Segal McCambridge Singer & Mahoney, Ltd., New York (Antigone Tzakis of counsel), for Rigs Management Co., LLC and Milbrook Properties, Ltd., respondents.
Gallo Vitucci Klar LLP, New York (Edward M. Tobin of counsel), for Eltech Industries, Inc., respondent.
Order, Supreme Court, New York County (Paul A. Goetz, J.), entered June 7, 2023, which, to the extent appealed from as limited by the briefs, granted defendants' motions for summary judgment dismissing the complaint, unanimously modified, on the law, the motion of Rigs Management Co., LLC and Milbrook Properties, Ltd (the building defendants) denied, the complaint reinstated as against those defendants, and otherwise affirmed, without costs.
Supreme Court erred in summarily disqualifying the opinion of Patrick A. Carrajat as an expert. Although Carrajat was not a professional engineer, he nonetheless had the requisite knowledge and experience to render an opinion on the cause of the accident, as he averred that he had been qualified as an elevator expert and testified as an expert witness 120 times in state and federal courts throughout the country (see Price v New York City Hous. Auth., 92 NY2d 553, 559 [1998]; Schechter v 3320 Holding LLC, 64 AD3d 446, 449-450 [1st Dept 2009]; see also Dickman v Stewart Tenants Corp., 221 AD2d 158, 158-159 [1st Dept 1995]). Furthermore, challenges regarding an expert witness' qualifications affect the weight to be accorded the expert's views, not their admissibility (see Rodriguez v Isabella Geriatric Ctr. Inc., 227 AD3d 485, 486 [1st Dept 2024]).
Plaintiff's expert's affidavit creates issues of fact as to both the nature of the incident, and the cause of the incident. While defendants' experts opined that the elevator could not have malfunctioned as plaintiff described, and that the elevator descended to the lobby at regular speed, Carrajat disputed this and posited ways in which the elevator could have malfunctioned that were consistent with plaintiff's account of the accident. Given the conflicting expert affidavits, the building defendants have not established their entitlement to summary judgment (see e.g. Mable v 384 E. Assoc., LLC, 175 AD3d 1127, 1128 [1st Dept 2019]).

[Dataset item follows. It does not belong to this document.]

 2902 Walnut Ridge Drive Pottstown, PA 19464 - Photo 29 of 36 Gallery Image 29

The parties' conflicting testimony presents an issue of fact as to whether the building defendants had notice of the allegedly defective condition (see id.). Any internal contradictions in plaintiff's deposition testimony at most present an issue of credibility for the factfinder (see Ferrante v American Lung Assn., 90 NY2d 623, 631 [1997]).

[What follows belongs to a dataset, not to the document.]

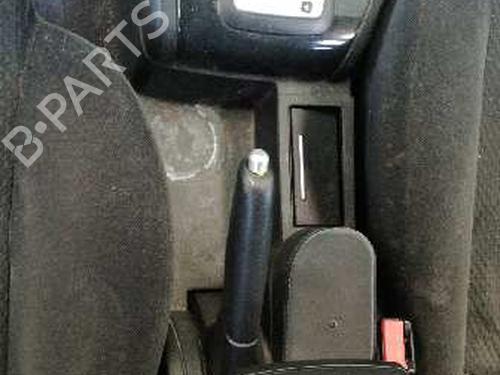 Climate control FORD MONDEO III Turnier (BWY) 2.0 TDCi | BP12735283I5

The complaint was properly dismissed as against Eltech, as it had no duty to plaintiff under the three scenarios creating a duty of care to a non-contracting party set forth in Espinal v Mellville Snow Contrs. (98 NY2d 136, 138 [2002]). Plaintiff appears to argue that Eltech's "exclusive" maintenance contract with the building defendants somehow displaced the building owners' safety obligations. However, the maintenance contract was not comprehensive and by its clear terms did not cover maintenance of the elevator parts plaintiff's own expert alleges were implicated in causing the incident, nor does the contract displace the building defendants' obligations to maintain the elevator in a safe condition[*2](see Ileiwat v PS Marcato El. Co., Inc., 178 AD3d 517, 519 [1st Dept 2019]; Fernandez v Otis El. Co., 4 AD3d 69, 72-73 [1st Dept 2004]). Eltech also established that it did not launch a force of harm (see Medinas v MILT Holdings LLC, 131 AD3d 121, 127 [1st Dept 2015]; Kawka v 135-55 35th Realty LLC, 139 AD3d 677, 678 [2d Dept 2016]). Finally, there is nothing in the record to indicate that plaintiff detrimentally relied in some way on the contract between Eltech and the building defendants (id.).

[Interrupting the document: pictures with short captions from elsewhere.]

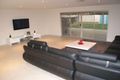 Property photo of 27 Norman Street Angle Park SA 5010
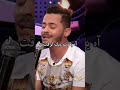 Cheb Akil Soufrit Ana Cover By Numidia Cheb Akil Sghir Short Vedio Cheb Akil Soufrit Ana Cover By Numidia Cheb Akil Sghir Short Vedio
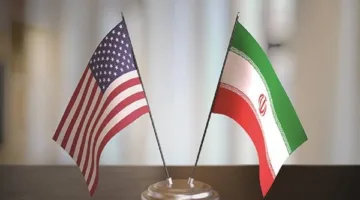 “مطروح للنقاش” يستعرض احتمال الاعتماد على الخيار العسكري بين الولايات المتحدة وإيران
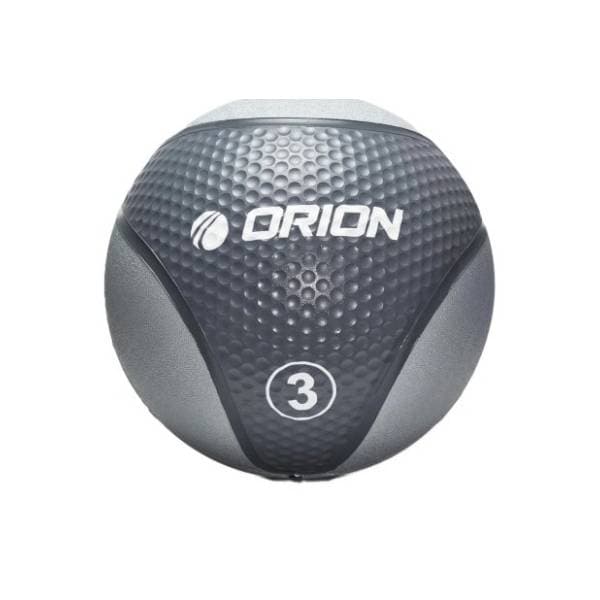ORION 3 kg lopta medicinka 0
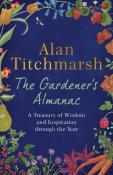The Gardener'S Almanac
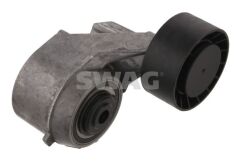 V KAYIŞ GERGİSI KOMPLE W140 M104 90-93 FEBI 1439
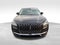 2024 Lincoln Corsair Plug-In Hybrid Grand Touring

We find that Eltech's maintenance contract was not comprehensive, and the building defendants did not cede all control over the elevator. Accordingly, we cannot say as a matter of law that the doctrine of res ipsa loquitor does not apply to the facts of this case (Carter v New York City Housing Auth., 176 AD3d 605, 606 [1st Dept 2019]; cf. Ezzard v One E. Riv. Place Realty Co., LLC, 129 AD3d 159, 162 [1st Dept 2015]).
THIS CONSTITUTES THE DECISION AND ORDER OF THE SUPREME COURT, APPELLATE DIVISION, FIRST DEPARTMENT.